Speech synthesis has now reached the stage where high quality human sounding speech can be synthesized for many applications. Unit selection speech synthesis, where appropriate sub-word units are selected from large database of natural speech, are best when the domain is known , but can still produce pleasant sounding speech in the general case, . However there are restrictions in such systems. The high quality speech is directly linked to the quality of the speech database itself. Unlike previous synthesis technologies like diphone and formant synthesis, unit selection does not currently offer variation outside its recorded style.

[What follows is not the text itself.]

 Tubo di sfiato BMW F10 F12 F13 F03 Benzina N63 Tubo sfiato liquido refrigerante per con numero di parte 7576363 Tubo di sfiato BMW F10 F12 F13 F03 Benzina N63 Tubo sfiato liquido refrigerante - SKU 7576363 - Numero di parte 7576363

This work is part of an NSF grant to investigate more varied synthesis. Specifically we are looking at modeling prosodic variation in reading children's stories where a human reader will add different voice qualities, appropriate intonation, etc, to carry the meaning of the story over to the listener.
In order to do this well, we need to do analysis of the text in order to uncover some of the underlying structure. This paper looks at one particular aspect of text analysis for speech synthesis. We examine how to automatically identify spoken text within a story and by identifying the characters in the story, assign each quote to a particular character. The result is a system, we call ESPER, which can take in raw text stories and produce markup identifying who speaks when. The markup can then be rendered in a speech synthesis markup language like SABLE or SSML and transformed into speech.
Although we are dealing with well-written published texts, there is still significant variety on how the information within the story is presented. Hence identifying the speakers within the story is a non-trivial task, even when we choose to ignore clearly-difficult cases, e.g. when detailed semantics of the story or external world knowledge is required for the identification.